De S&M beweging heeft inmiddels heel goed begrepen hoe de weg naar maatschappelijke erkenning - ja, superioriteit - bewandeld dient te worden. Het Nederlandse blad Sek weet te melden dat S&M juist zo bevrijdend is omdat het ‘ons meer bewust maakt van onderwerping en overheersing in alle relaties’. In de huidige maatschappij wordt agressie aangemoedigd in mannen en afgekeurd in vrouwen, dus in de verhouding tussen mannen en vrouwen heeft het sadomasochistische gedrag een ‘aangekweekt’ karakter. S&M is een trapje hoger op de evolutieladder: het komt alleen bij creatieve mensen voor met een grote verbeeldingskracht. ‘Bezig zijn met S&M zou iemands behoefte om te onderdrukken en onderdrukt te worden verminderen. Daarom zijn lieden die geilen op politieke macht er zo op tegen.’

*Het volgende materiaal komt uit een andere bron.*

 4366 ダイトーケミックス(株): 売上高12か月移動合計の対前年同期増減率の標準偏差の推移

S&M maakt machtsverschillen tussen mensen juist ‘bespreekbaar’: flikkers en potten kunnen er nog wat van opsteken. Wij allemaal trouwens. Zou S&M bezig zijn een beslissende voorsprong te nemen op andere frontstrijders? De volgende noodkreet in The Advocate wijst er op dat er tenminste één Amerikaanse pedofiel is die daarvoor vreest, en hij slaat genadeloos terug: ‘Ik teken bezwaar aan tegen het door u geplaatste artikel, waarin pedofielen in één adem worden genoemd met sadisten. Ik word er zo langzamerhand doodziek van om gelijkgesteld te worden met sadisten, kinderverkrachters en ander tuig. Jongensminnaars - een term die de meesten van ons liever zouden gebruiken dan pedofielen - houden alleen maar van jongetjes en misschien is dat in deze opgenaaide wereld zo gek nog niet.’

Het is nog een hele klim naar de top.

 

Wat doen ondertussen de mensen die nog immer zuchten onder de ‘heterodwang’? Hoe is het te verklaren dat zij hun onneembaar lijkende versterkte veste zonder slag of stoot hebben prijsgegeven?

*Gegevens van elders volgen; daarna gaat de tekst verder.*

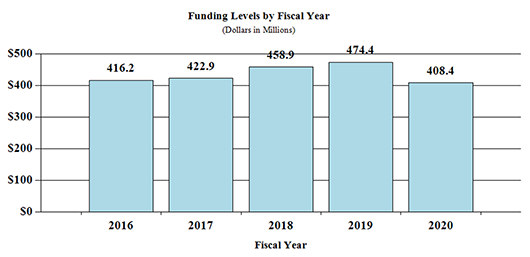 A bar graph depicting fiscal year (FY) funding levels for the National Institute on Deafness and Other Communication Disorders between Fiscal Year (FY) 2016 and 2020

Bij nadere beschouwing blijkt dat die capitulatie gedeeltelijk gezichtsbedrog is. Het zijn niet zozeer de ‘hetero's’ die hebben moeten inleveren, als wel de heteroseksuele mannen. Zíj zijn ontmaskerd als de uitbuiters die profiteerden van de ‘pik-in-kut-mythe’. In de beginfase van de seksuele revolutie was er immers vooral sprake van Beter Neuken, en de kampioenen van de Beter Neuken Beweging - zoals het echtpaar Kronhausen - benadrukten daarbij vooral de rol van de techniek. De bedmanieren moesten verbeterd worden. Neuken kon je op allerlei manieren doen, staand, zittend, zwemmend, in bad, en hangend aan de rekstok. Uit Zweden bereikte ons het smaakvol uitgevoerde en gefotografeerde salontafelboek Variaties, en ook het zoveel subtielere Neuken uit het Oosten kreeg wijde verbreiding in de vorm van volksedities van de Kama Sutra. Gymnastische toeren werden aanbevolen en veel afwisseling.

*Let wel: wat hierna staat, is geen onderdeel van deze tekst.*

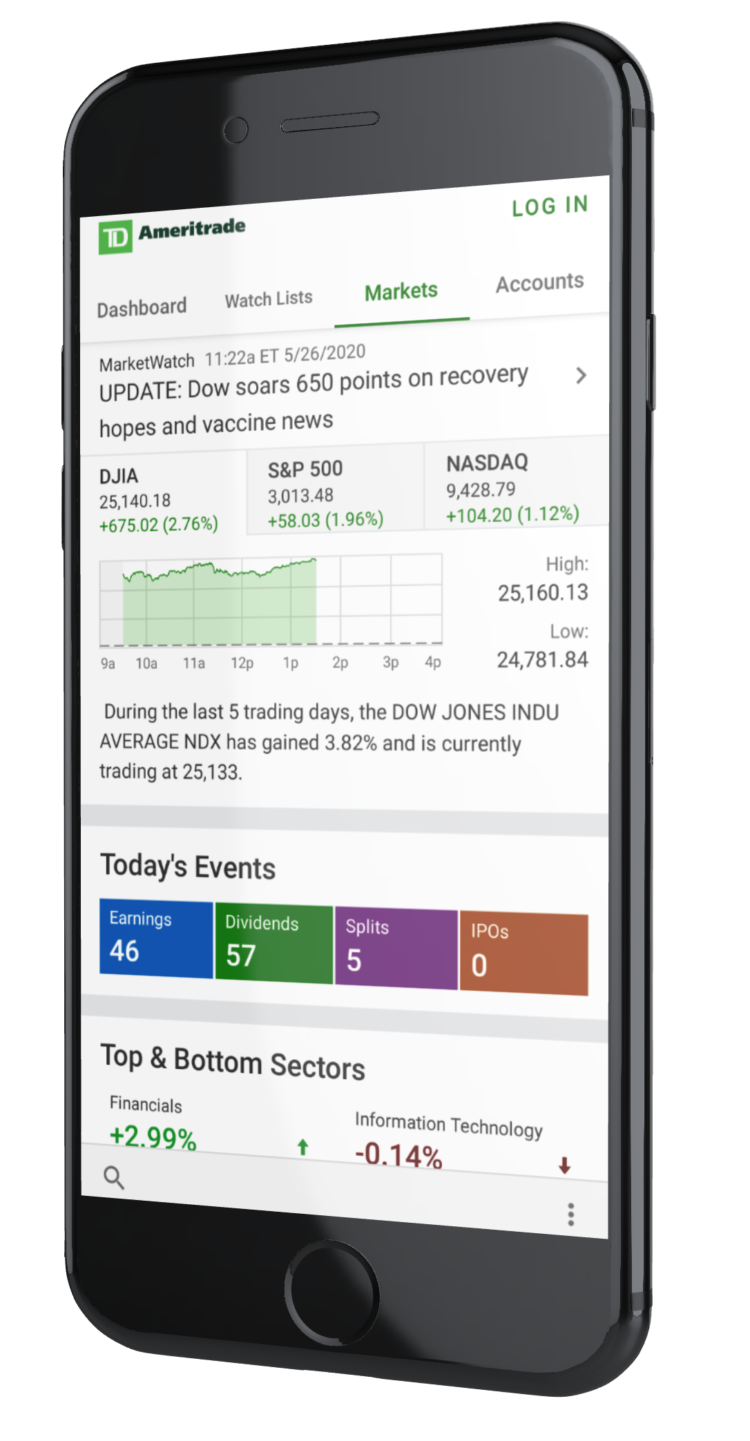 TD Ameritrade Mobile App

Deze beweging leek vooral een democratiseringsbeweging te zijn: seks moest ter beschikking komen van iedereen. Man en vrouw hadden evenveel recht op een orgasme, en met de ‘dubbele moraal’ moest het maar eens afgelopen zijn. De vereiste acrobatische vaardigheden waren gemakkelijk te leren, een beetje oefening baarde al kunst. Tegenwoordig is die democratische tendens terug te vinden in programma's die gericht zijn op het emanciperen van cultureel achtergebleven groepen: seks - opgevat als neuken en het krijgen van een orgasme - wordt

[pagina 69]
[p. 69]

heden ten dage alleen nog opgeëist als ‘recht’ voor schoolkinderen, bejaarden, zwakzinnigen, ziekenhuispatiënten, invaliden en geestelijk gestoorden.

Uit die prille fase dateren idolen als de Aanhouder, de superbeheerste minnaar die in staat is tot urenlange erecties om zijn vrouw - die geacht werd daar nogal wat tijd voor nodig te hebben - de kans te geven ook een climax te bereiken. Het was een dankbare rol voor sommige mannen. Norman Mailer schetste zo'n type in zijn Advertisements for Myself: ‘En dus nam ik haar koel en berekenend. Mijn ritme gehoorzaamde slechts de metronoom van mijn geest. Vannacht zou ik een mechanische aandrijfstang worden, bestand tegen zenuwschokken in m'n lijf en bloeddruk in m'n hersens. Ik bewerkte haar als een klinkhamer, haar gepantserde weerstanden kennend, ik naaide haar alsof het een gevecht over 15 ronden was, ik matte haar af, bracht haar weer bij, plantte mijn vingers in haar schouders en mijn knieën in haar flanken. Ik ging en ik ging en ik ging...’.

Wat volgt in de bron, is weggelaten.